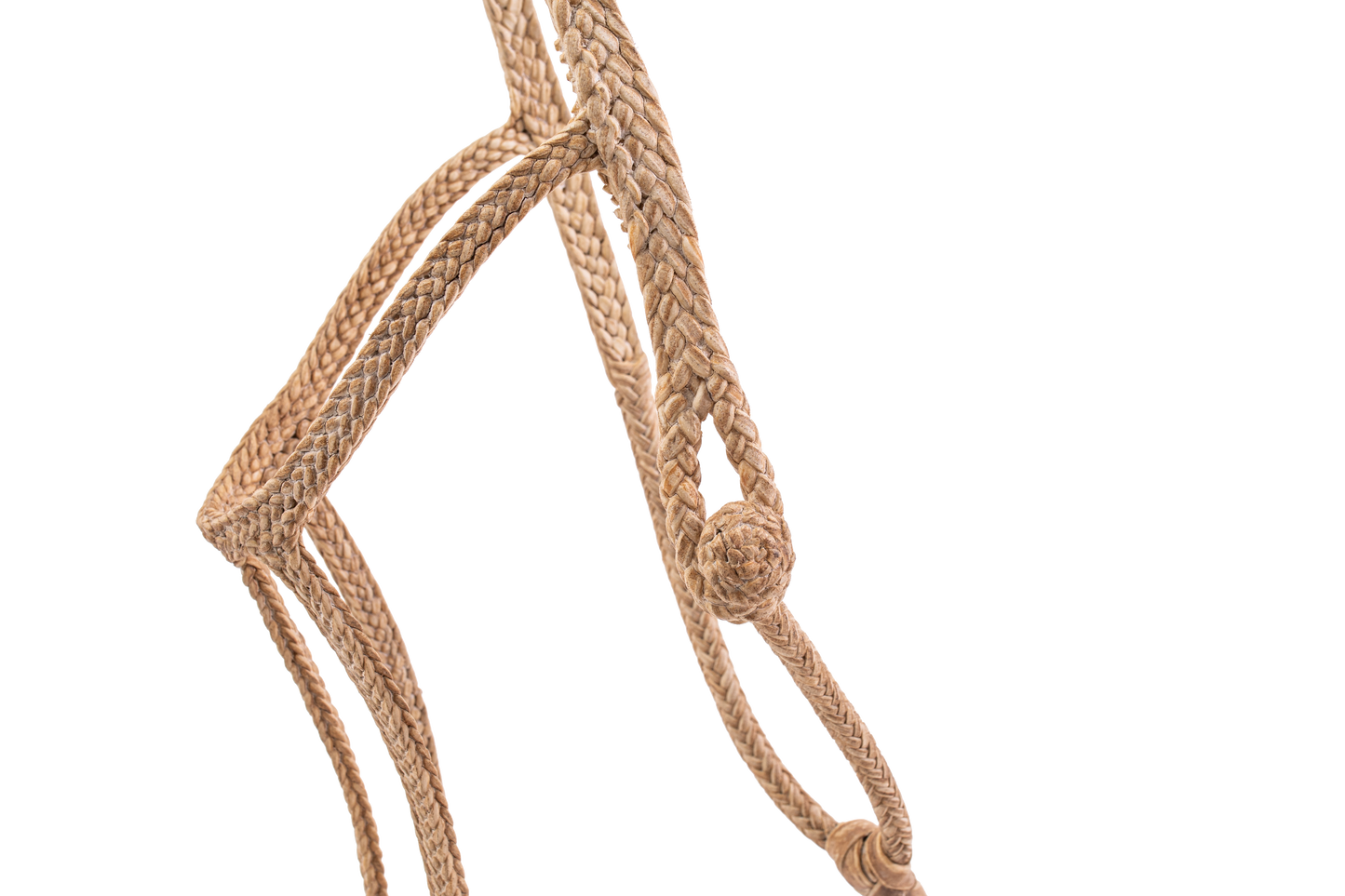 Patria Flat Rawhide Halter - TATO'S MALLETS
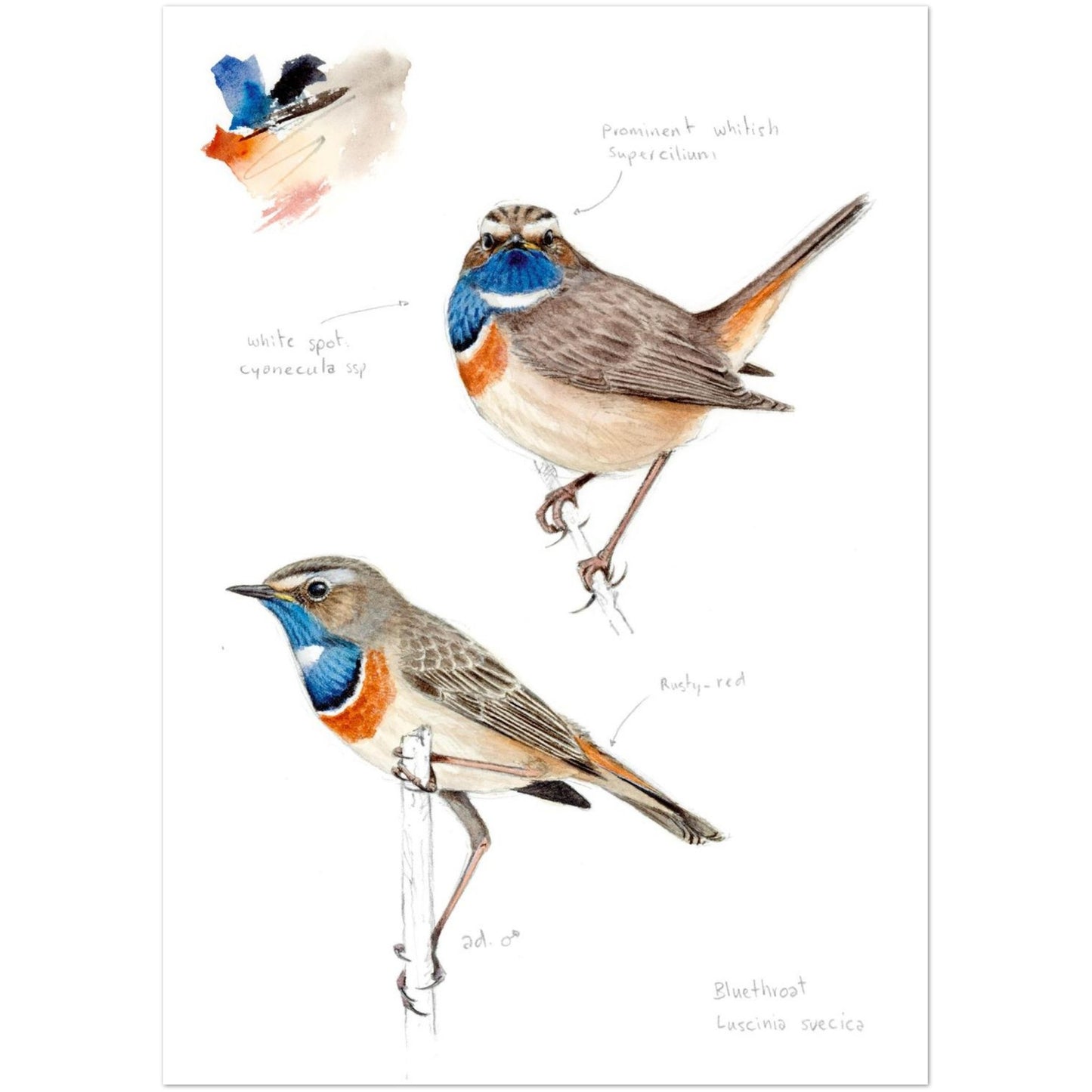 b149250b-7dd4-4472-b8d3-74a90f2efcbf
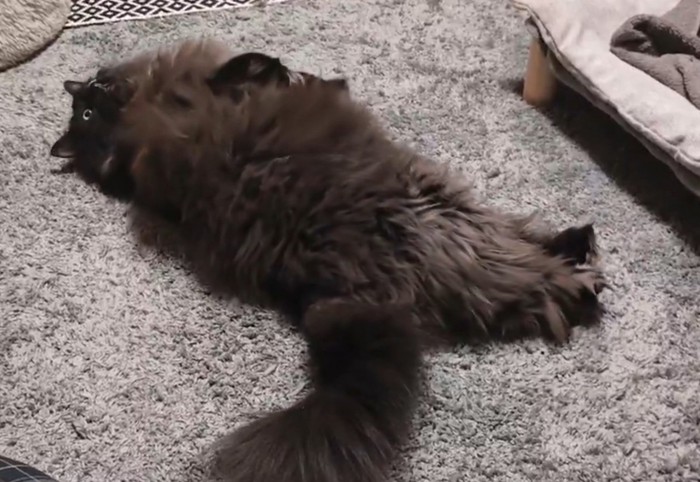 寝ながら目を見開く猫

# [WHAT THIS TASK INVOLVES]
Give back the material above exactly, without pictures.

# [THE ANSWER]
 Patria Flat Rawhide Halter - TATO'S MALLETS
 b149250b-7dd4-4472-b8d3-74a90f2efcbf
 寝ながら目を見開く猫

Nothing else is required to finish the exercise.